Key Figures Third Quarter 2007 (EUR  million, except net loss per share)


   Third quarter                           Nine months ended Sept. 30

2007   2006   Change                       2007     2006     Change


                      Total revenues and
                        other operating
  62.6   29.1   115%        income            137.2     64.5     113%


 (4.5) (21.7)  (79)%       Net loss          (41.2)   (62.7)    (34)%

                      Net loss per share
(0.07) (0.36)         (basic and diluted)    (0.63)   (1.12)

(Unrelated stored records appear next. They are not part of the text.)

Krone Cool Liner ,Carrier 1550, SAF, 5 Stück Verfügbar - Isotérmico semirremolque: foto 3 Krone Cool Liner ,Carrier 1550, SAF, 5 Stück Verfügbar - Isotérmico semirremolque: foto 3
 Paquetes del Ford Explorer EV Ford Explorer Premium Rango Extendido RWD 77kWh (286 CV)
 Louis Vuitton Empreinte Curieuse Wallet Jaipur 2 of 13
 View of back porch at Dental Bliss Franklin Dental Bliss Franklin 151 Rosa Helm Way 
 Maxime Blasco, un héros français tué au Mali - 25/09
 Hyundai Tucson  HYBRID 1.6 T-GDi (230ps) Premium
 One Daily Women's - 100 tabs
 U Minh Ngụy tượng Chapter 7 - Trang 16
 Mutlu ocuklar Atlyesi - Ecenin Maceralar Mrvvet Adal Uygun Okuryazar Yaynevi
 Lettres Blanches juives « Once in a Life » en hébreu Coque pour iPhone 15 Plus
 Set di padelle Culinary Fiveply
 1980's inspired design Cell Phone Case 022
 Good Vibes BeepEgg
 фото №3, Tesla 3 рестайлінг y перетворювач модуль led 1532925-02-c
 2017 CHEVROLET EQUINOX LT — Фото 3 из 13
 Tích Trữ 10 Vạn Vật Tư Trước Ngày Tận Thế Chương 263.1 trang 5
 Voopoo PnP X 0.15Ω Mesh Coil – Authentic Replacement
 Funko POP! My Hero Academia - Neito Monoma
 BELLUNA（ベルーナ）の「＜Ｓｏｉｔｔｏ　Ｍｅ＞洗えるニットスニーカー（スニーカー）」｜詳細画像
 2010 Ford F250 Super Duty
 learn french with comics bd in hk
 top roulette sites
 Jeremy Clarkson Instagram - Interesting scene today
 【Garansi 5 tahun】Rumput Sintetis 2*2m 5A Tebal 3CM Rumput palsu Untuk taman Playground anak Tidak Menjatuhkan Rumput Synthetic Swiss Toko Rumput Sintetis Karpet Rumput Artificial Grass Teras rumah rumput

                     Cash & cash equiv.:
                     - Sept. 30,2007          107.0
                     - Dec 31, 2006           157.8


Crucell's Chief Executive Officer Ronald Brus said:

"In the third quarter we achieved solid progress in two of our antibody programs. We discovered a set of human monoclonal antibodies providing immediate protection against pandemic flu and we successfully completed a Phase I study for our rabies human monoclonal antibody study, showing safety and tolerability. For this program we have now been granted a Fast Track designation by the FDA. These programs reflect Crucell's underlying strength in R&D.

"Our third quarter results reflect the momentum we see in the underlying business, where we saw strong sales of Quinvaxem™, our Flu product Inflexal® V and travel vaccines.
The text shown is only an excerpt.